When Wicked hit theaters last year, it felt special and vibrant. It was a heartfelt reimagining placed somewhere between Broadway and the movie theater. With Wicked: For Good, director Jon M. Chu delivers not just a follow-up, but a second chapter that feels richer, and moodier. While it easily stands on its own, the real magic reveals itself when you imagine both films played back-to-back as a single, monumental epic. Wicked and Wicked: For Good transform from a two-part adaptation into something closer to The Lord of the Rings meets The Wizard of Oz. It’s a sweeping, melancholic, satisfying saga about friendship, power, lies, and the seductive ease of believing what makes us feel safe, even when it isn’t true. For anyone planning a movie marathon, the pairing becomes downright necessary. Do yourself a favor when this movie hits streaming platforms. Plan a full night of Oz mythology capped with the 1939 Wizard of Oz, and, for the brave and the nostalgic, the gloriously off-kilter Return to Oz. Treat yourself to one long, interlocking experience.

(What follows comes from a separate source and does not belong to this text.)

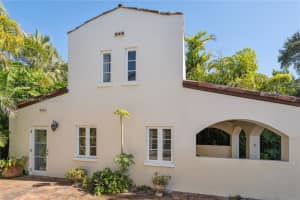 2421 San Domingo St Guest House, Coral Gables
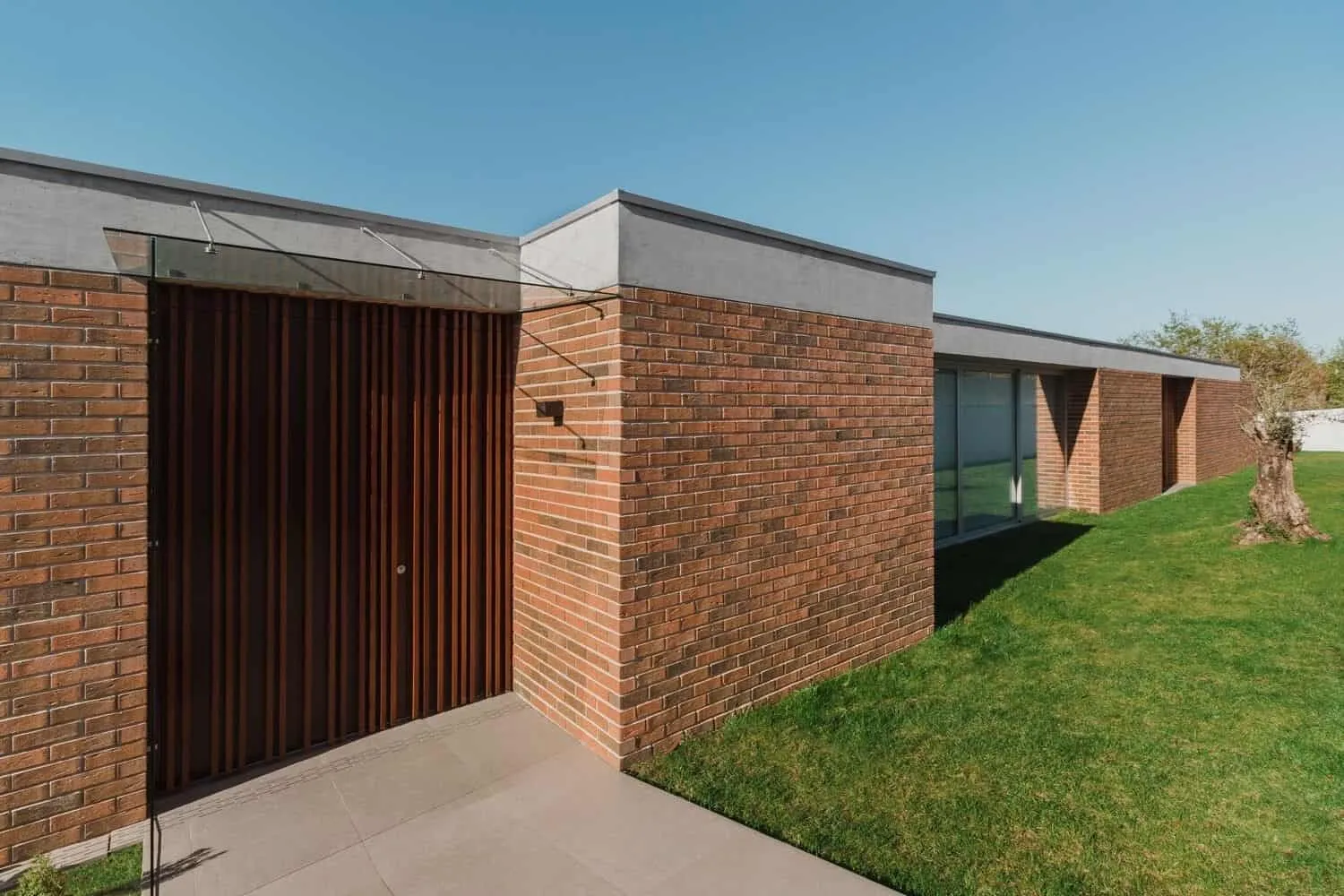 葡萄牙特雷戈萨的霍尔特住宅由MATÉRIAS建筑与室内设计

Wicked: For Good picks up 12 tide turns after the end of the first film, and the Oz we return to is not the whimsical technicolor fantasy audiences might anticipate. Chu instead leans into the darker, more politically fraught atmosphere of Act II in the stage musical: corruption, propaganda, fearmongering, and the moral rot that spreads when a society convinces itself it’s doing the right thing simply because it’s easier than facing the truth. Elphaba, played by Cynthia Erivo, knows the Wizard, played by Jeff Goldblum, is a fraud. She’s determined to expose him. Glinda, played by Ariana Grande, has become the face of Oz’s propaganda machine, and a symbol of empty optimism. The storytelling grows more introspective as it dives into messy relationship dynamics. Love, family and betrayal fills the story, which mirrors the sad truth that societies change only when illusions collapse, and not without collateral damage. What is so intriguing too, is how Chu treats this film as a bridge between Wicked and The Wizard of Oz. Dorothy never really appears, but her footsteps are everywhere. Even “No Place Like Home” is cleverly recontextualized as a quiet message of hope for the oppressed.

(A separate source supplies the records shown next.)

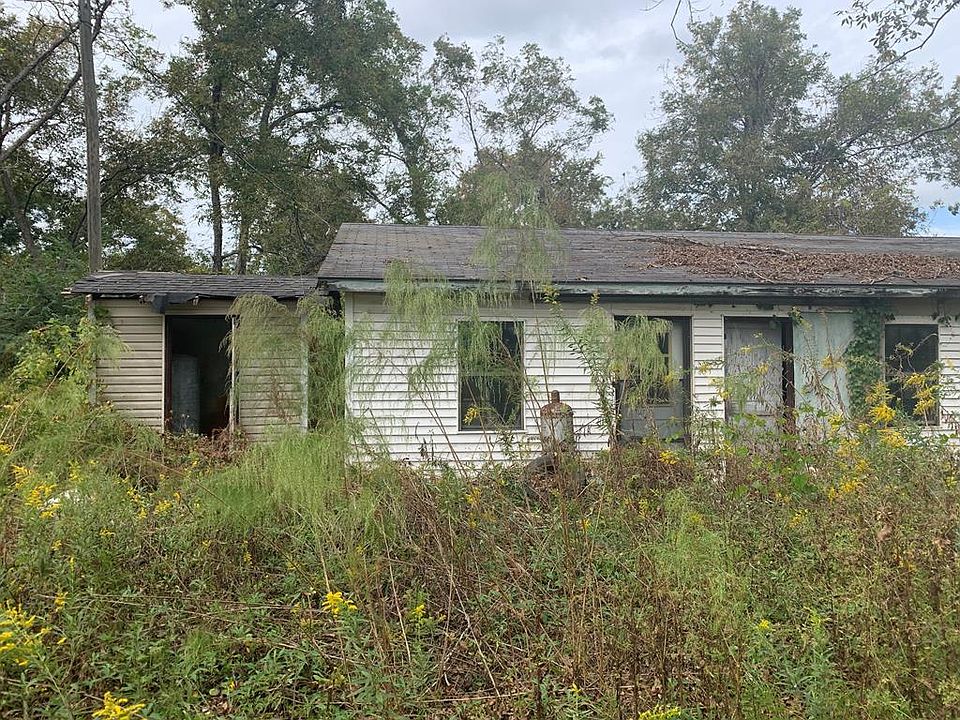 2nd image of 723 Blease Rd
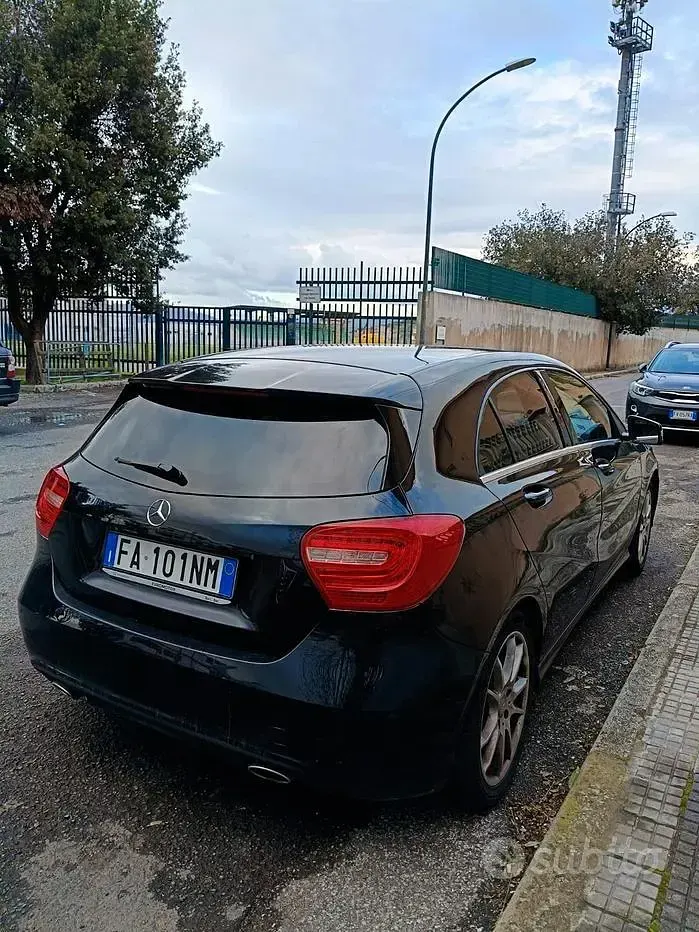 Usata Mercedes 180 109 CV (80 kW) 2015 Nero Berlina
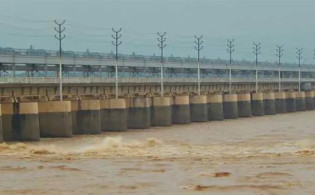 ফারাক্কার ১০৯ গেট খুলল ভারত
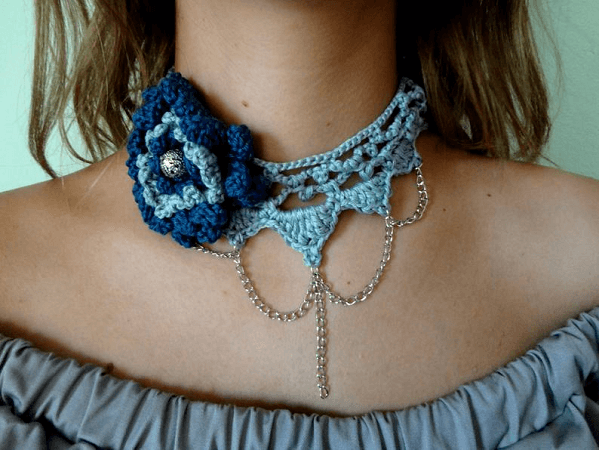 Crochet Choker Pattern by Maya Kuzman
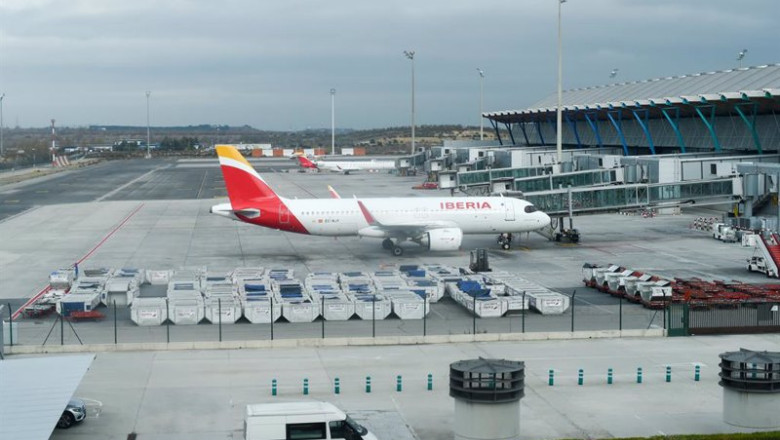 ep archivo un avion de iberia en una pista del aeropuerto de adolfo suarez un dia previo a la ep archivo un avion de iberia en una pista del aeropuerto de adolfo suarez un dia previo a la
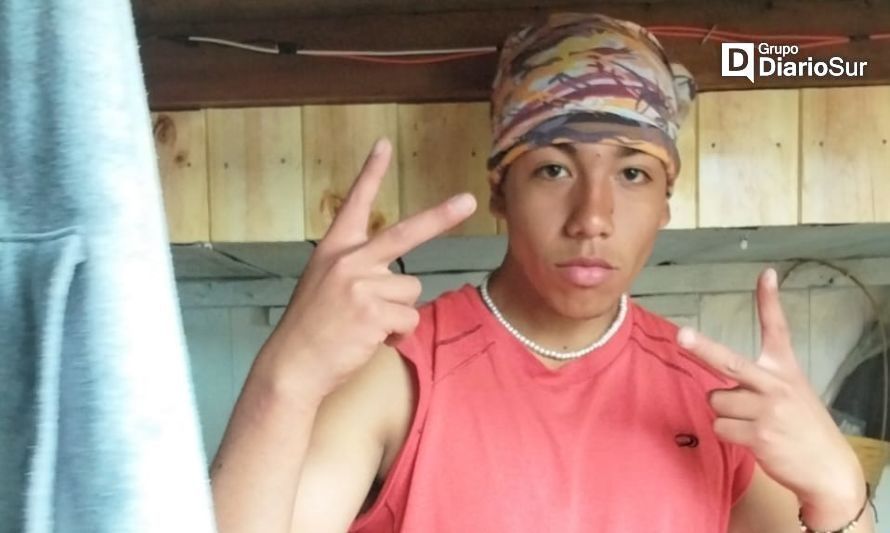 La última foto enviada por el joven a su familia, a bordo de una embarcación. Crédito, cedida.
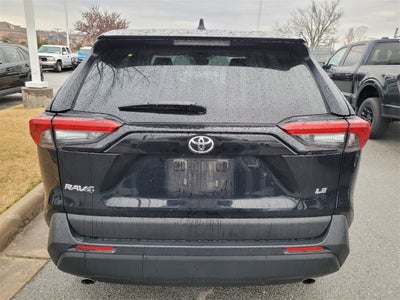 2024 Toyota RAV4 LE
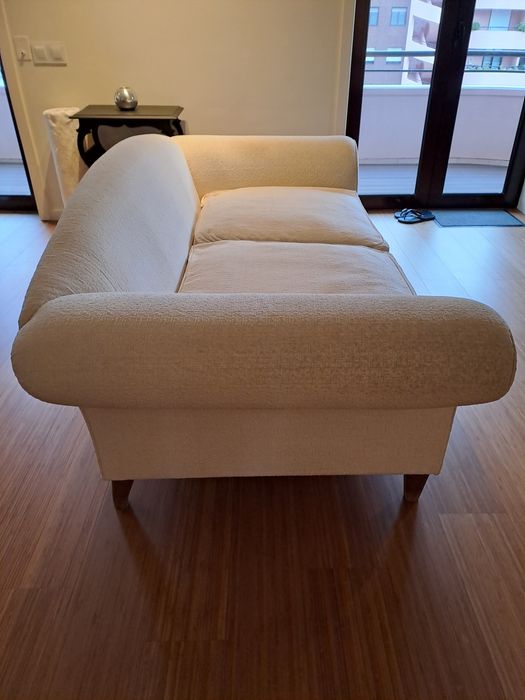 Sofá de três lugares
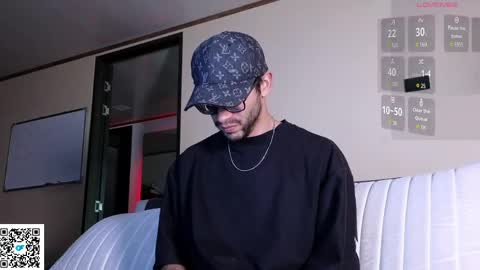 phantom_bigger1 online show from 25, 3, 2026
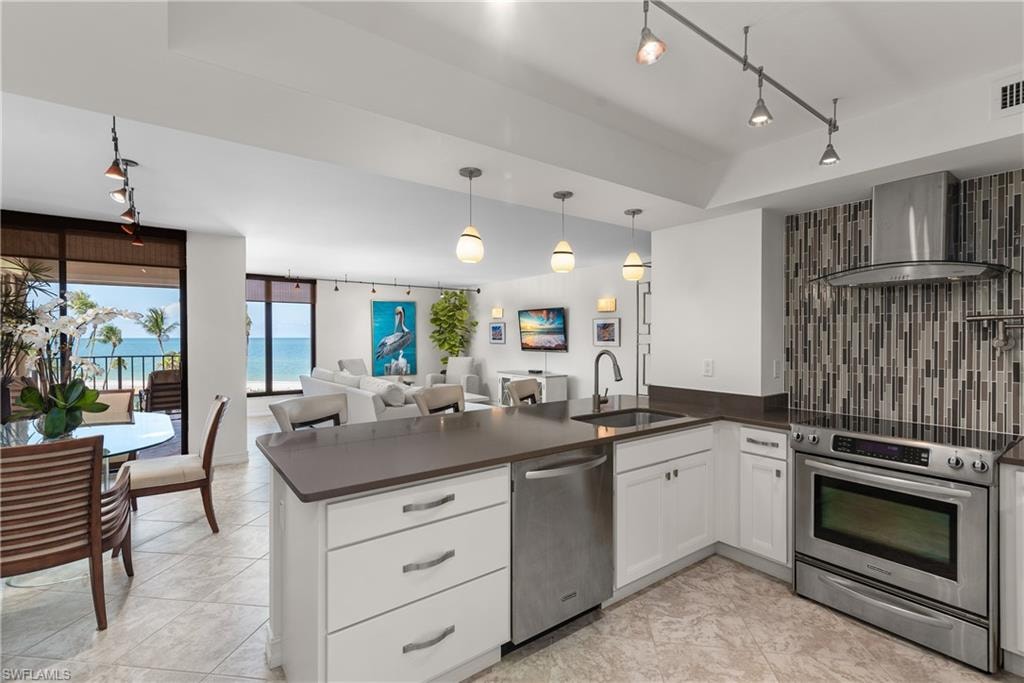 3115 Gulf Shore BLVD N 203S photo 13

At the end of the day, this film and its predecessor work because Ariana Grande and Cynthia Erivo fully inhabit their roles and really sell their scenes. Grande’s Glinda is deeper than her sparkly exterior suggests, and her emotional arc is one of the film’s strongest elements. Erivo, meanwhile, is a force of nature. She sings real life into the film. Their chemistry delivers exactly the tears and catharsis you should expect. I took my seven year old with me and she sat teary-eyed clutching my arm while Elphaba fought the good fight. She and I watched the first film the night prior, so she was ready for a finale. Here’s the thing, on its own Wicked: For Good is strong, combined with Wicked … it becomes something wonderful. The strengths multiply. The character arcs feel complete, the themes more profound, the emotional payoff more earned. It is simply a better experience. On its own It’s a 7/10, back to back bumps it up to an 8/10.